**THE DATA**

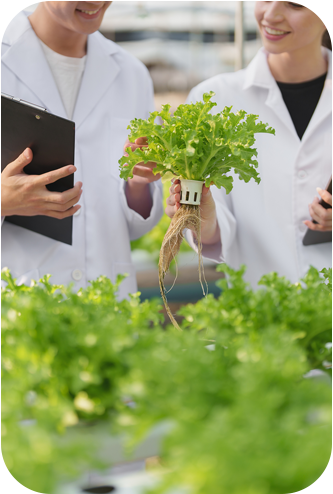 The True Impact of Quality Inconsistency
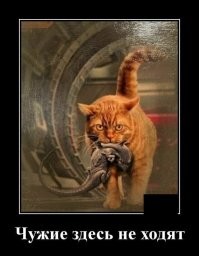 Идея чудовищна, воплощение гениально!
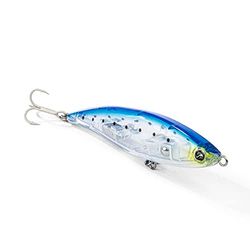 Seaspin JANAs 107 Laguna, SART Ghost, 107 mm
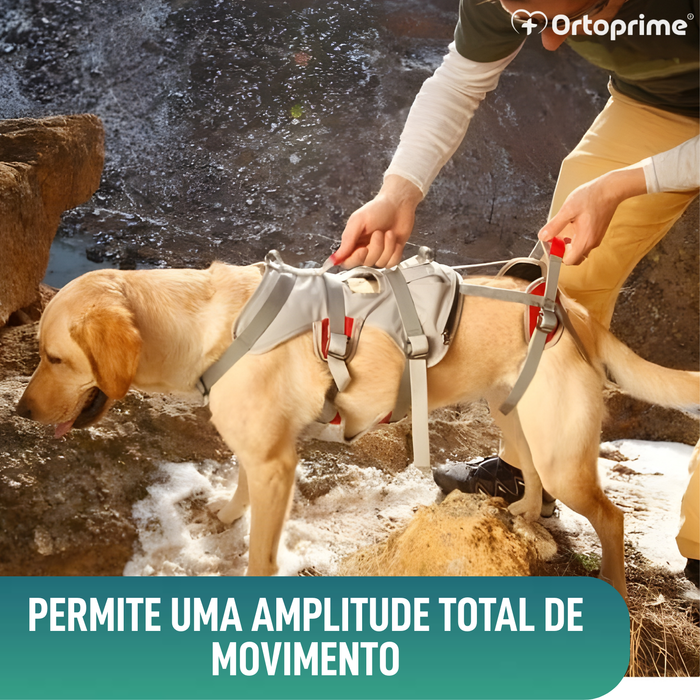 Arnês de Apoio para Cães de Alpinismo | Máxima Resistência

**YOUR INSTRUCTIONS**
Without including any image, reproduce the full listing above as written.

**WRITTEN ANSWER**
 The True Impact of Quality Inconsistency
 Идея чудовищна, воплощение гениально!
 Seaspin JANAs 107 Laguna, SART Ghost, 107 mm
 Arnês de Apoio para Cães de Alpinismo | Máxima Resistência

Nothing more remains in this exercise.